The idea that the Great Library was still in existence in Hypatia’s time and that it was, like her, destroyed by a Christian mob has been popularised by Gibbon, who never let history get in the way of a good swipe at Christianity. But what Gibbon was talking about was the temple known as the Serapeum, which was not the Great Library at all. It seems the Serapeum had contained a library at some point and this was a “daughter library” of the former Great Library. But the problem with Gibbon’s version is that no account of the destruction of the Serapeum by the Bishop Theophilus in AD 391 makes any mention of a library or any books, only the destruction of pagan idols and cult objects:
At the solicitation of Theophilus, Bishop of Alexandria, the Emperor issued an order at this time for the demolition of the heathen temples in that city; commanding also that it should be put in execution under the direction of Theophilus. Seizing this opportunity, Theophilus exerted himself to the utmost to expose the pagan mysteries to contempt. And to begin with, he caused the Mithreum to be cleaned out, and exhibited to public view the tokens of its bloody mysteries. Then he destroyed the Serapeum, and the bloody rites of the Mithreum he publicly caricatured; the Serapeum also he showed full of extravagant superstitions, and he had the phalli of Priapus carried through the midst of the forum. Thus this disturbance having been terminated, the governor of Alexandria, and the commander-in-chief of the troops in Egypt, assisted Theophilus in demolishing the heathen temples.

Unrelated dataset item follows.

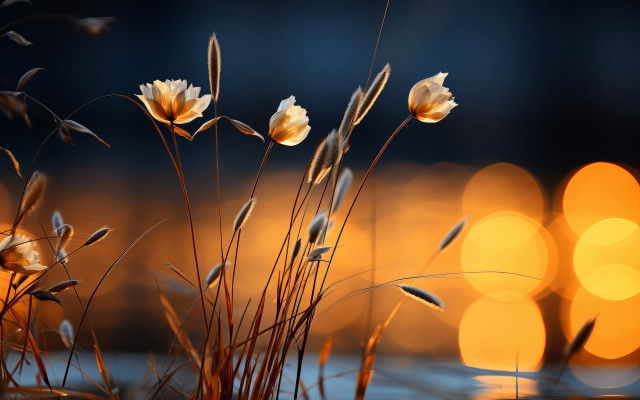 Flowers water lights macro autumn free wallpaper for desktop - medium preview image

(Socrates Scholasticus, Historia Ecclesiastica, Bk V)
Even hostile, anti-Christian accounts of this event, like that of Eunapius of Sardis (who witnessed the demolition), do not mention any library or books being destroyed. And Ammianus Marcellinus, who seems to have visited Alexandria before 391, describes the Serapeum and mentions that it had once housed a library, indicating that by the time of its destruction it no longer did so. The fact is that, with no less than five independent accounts detailing this event, the destruction of the Serapeum is one of the best attested events in the whole of ancient history. Yet nothing in the evidence indicates the destruction of any library along with the temple complex.

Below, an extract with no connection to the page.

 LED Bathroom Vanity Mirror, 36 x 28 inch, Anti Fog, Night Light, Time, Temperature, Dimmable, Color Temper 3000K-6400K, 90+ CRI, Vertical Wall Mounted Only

Still, the myth of a Christian mob destroying the “Great Library of Alexandria” is too juicy for some to resist, so this myth remains a mainstay for arguments that “Christianity caused the Dark Ages” despite the fact it is completely without foundation. Amenabar couldn’t resist it – [his] movie features an anxious Hypatia scrambling to rescue precious scrolls before a screaming mob bearing crosses bursts through a barred door to destroy what he’s dubbed “the second library of Alexandria” (presumably he means the Serapeum). Sagan, on the other hand, put the destruction of the Library after her murder. In fact, it seems no such destruction happened either in her lifetime or after it and the idea it did is simply part of the mythic parable.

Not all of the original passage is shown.